Anaphoric Connectives and Long-Distance Discourse Relations in Czech
Abstract
This paper is a linguistic as well as technical survey for the development of a shallow discourse parser for Czech. It focuses on long-distance discourse relations signalled by (mostly) anaphoric discourse connectives. Proceeding from the division of connectives on “structural” and “anaphoric” according to their (in)ability to accept distant (non-adjacent) text segments as their left-sided arguments, and taking into account results of related analyses on English data in the framework of the Penn Discourse Treebank, we analyze a large amount of language data in Czech. We benefit from the multilayer manual annotation of various language aspects from morphology to discourse, coreference and bridging relations in the Prague Dependency Treebank 3.0. We describe the linguistic parameters of long-distance discourse relations in Czechin connection with their anchoring connective, and suggest possible ways of their detection.

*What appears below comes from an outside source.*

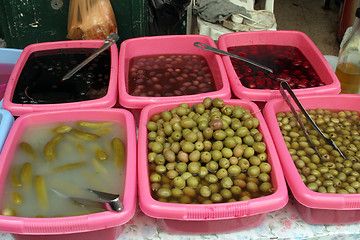 Image showing Jerusalem, Sale of pickles in the souq of the Muslim Quarter in the Old City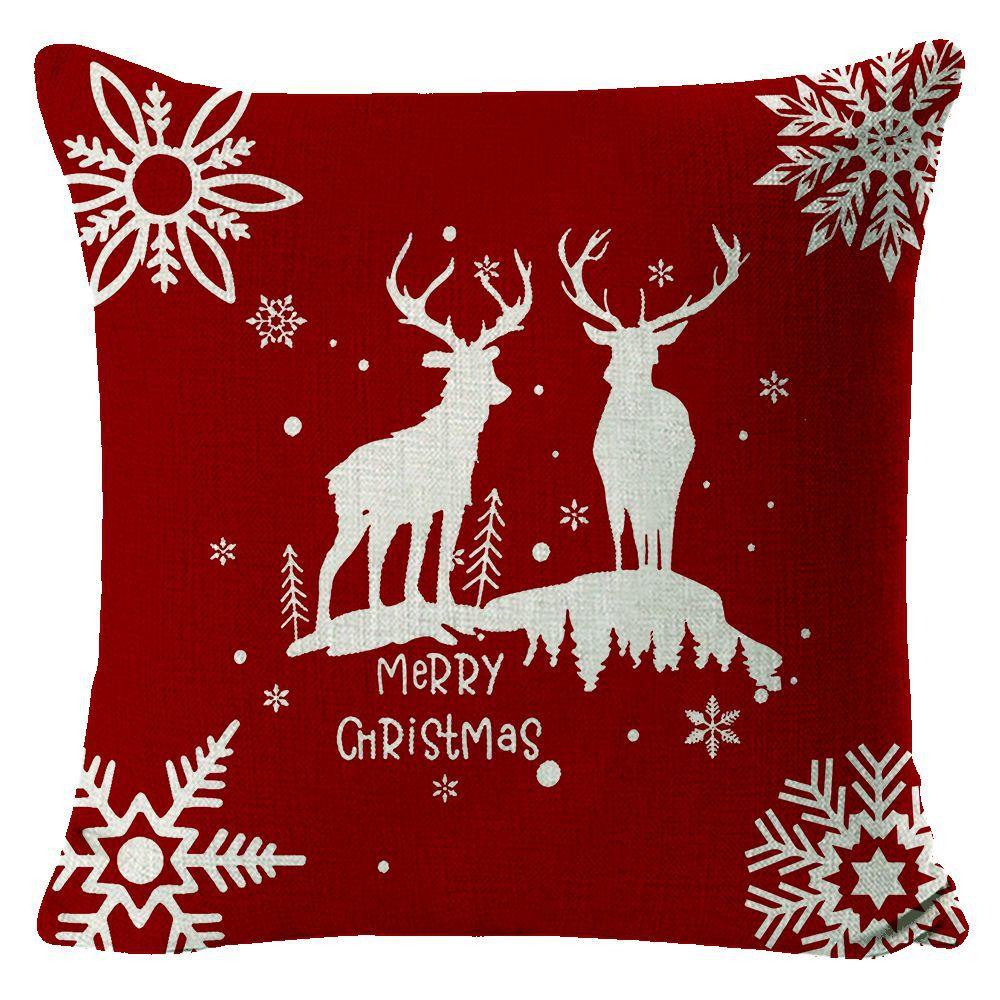 New Christmas Pillow Cover Elk Linen Print Pillow Cushion Cover Sofa Decorative Cushion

Our empirical research also outlines some theoretical consequences for the underlying assumptions in discourse analysis and parsing, e.g. the risk of relying too much on different (language-specific?) part-of-speech categorizations of connectives or the different perspectives in shallow and global discourse analyses (the minimality principle vs. higher text structure).
Keywords
Anaphoric connectives, long-distance discourse relations